Sorry but I'm not sure what estate tax issues need to be unwound?
Such trusts are often used to shelter estate taxes. Now, a spouse can receive the money without an estate tax being involved because of an unlimited marital deduction. But, the kids cannot. However, there is an exemption amount which, I believe, for next year (and beyond) is $1 million which is passed tax free. So, such a trust like you are talking about uses that exemption amount to fund the trust for the kids. (Or, others.) Thus reducing the estate. A greatly simplified example using the $1 million (I will not be explaining the difference between unified credit and applicable credit amount or calculate the taxes here. Again, greatly simplified as I was tempted to use $1.5 million as my number.):
1.
-Dad has $3 million in assets.
-Dad dies creating a Credit Shelter Trust and funds it with $1 million. Kids are beneficiaries and get benefit of $1 million exemption so is estate tax free. Mom has use of income and, to a limited and ascertainable degree, the corpus.
-Mom inherits $2 million estate tax free due to the marital deduction.
-Mom dies and kids inherit $2 million. They get $1 million exemption.
-Estate taxes on $1 million.
2.
-Dad has $3 million in assets.
-Dad dies and Mom inherits $3 million estate tax free due to the marital deduction.
-Mom dies and kids inherit $3 million and they get $1 million exemption.

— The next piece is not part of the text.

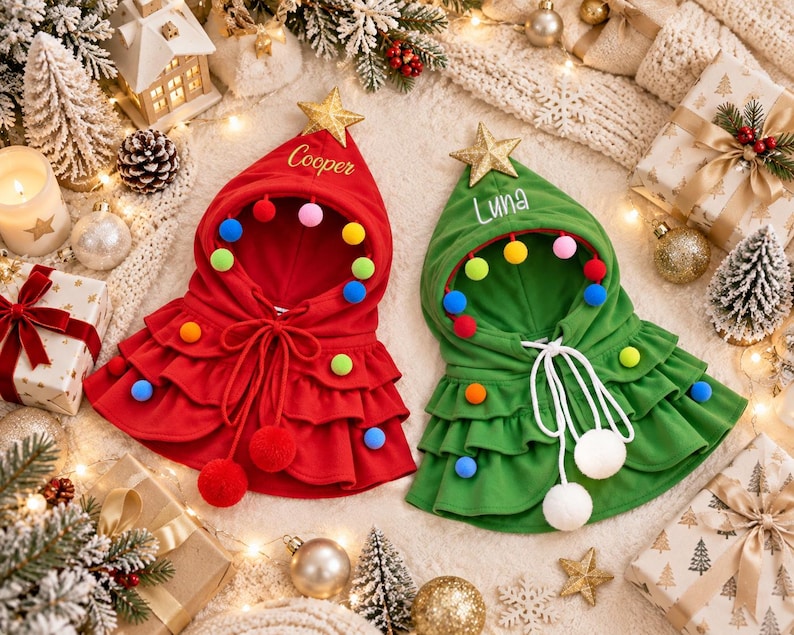 May include: Two hooded capes in red and green, each topped with a gold star. The red cape features the name Cooper, and the green cape features the name Luna. Both capes are decorated with colorful pom-poms, ruffled tiers, and white drawstrings.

-Estate taxes on $2 million.
Now, this arraignment (#1) is often set up by what is known as a disclaimer trust. The amount is willed to the spouse who disclaims it and it flows to the credit shelter trust. However, this needs to be within 9 months of death. However the spouse cannot exert any control or gain any benefit over the money before disclaiming or the credit is blown. Now, that alone may not be a problem with what seems to be a ton of money in mom's hands. However, it might put the estate to be large enough to file appropriate estate tax returns to report the transactions. I would need to do research to see how you could unwind a purported credit shelter trust where the spouse exercised benefit and control and then, essentially disappeared the trust. At the very least, there should be some level of gift from the beneficiaries to the mom for the income and amended returns to all for the differing tax rates for the incorrect person reporting the income on their previous year's returns. Looking at the entire package of the estate would be required to determine the actual results. Also, the IRS may estopp you from changing the tax treatment as it seems mom may have greater income (and taxes) on the amount.

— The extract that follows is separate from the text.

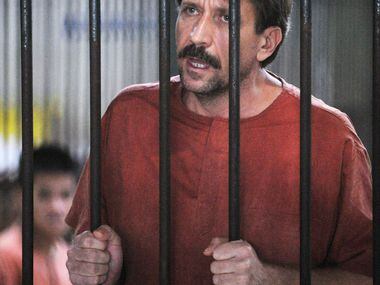 Alleged Russian arms dealer Viktor Bout talks to reporters as he stands in a temporary cell...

Termination is generally allowed if it can be shown to the court's satisfaction that that the continuance of the trust no longer serves the purpose for which it was intended. Beyond the reasons given in the Statute itself, here's an interesting one that may be applicable: If a bypass trust is used to ensure certain property will not be subjected to estate tax upon the death of the trust's primary bene, that purpose is no longer served if including the property in the bene's estate would not cause an estate tax to be due.
I tend to doubt that, but you may be right as I rarely read Florida cases. However, if it was created by disclaimer, that is problematical as conditions have changed? If created by direct funding, that is problematical as it really expresses the wishes of the grantor. Remember the title of the statute you are trying to use to terminate the trust.
As Co-trustees we obviously need to include each bene with their legal interest, but one legitimate concern is if no consent from, or consideration to, contingent residuary bene's is required, does offering that in any settlement agreement filed with the petition actually torpedo or increase the courts inclination to deny our petition for judicial modification as doing so no longer provides according to the settlor's original intent?
It is clearly to your benefit to get a release from all, including the contingent residual beneficiaries as it starts the statute running on any challenge to the plan or to a claim of a breach of your fiduciary duties. Since I've not seen an attempt at terminating the trust under facts like these, I have no idea if it helps or hurts to offer a settlement.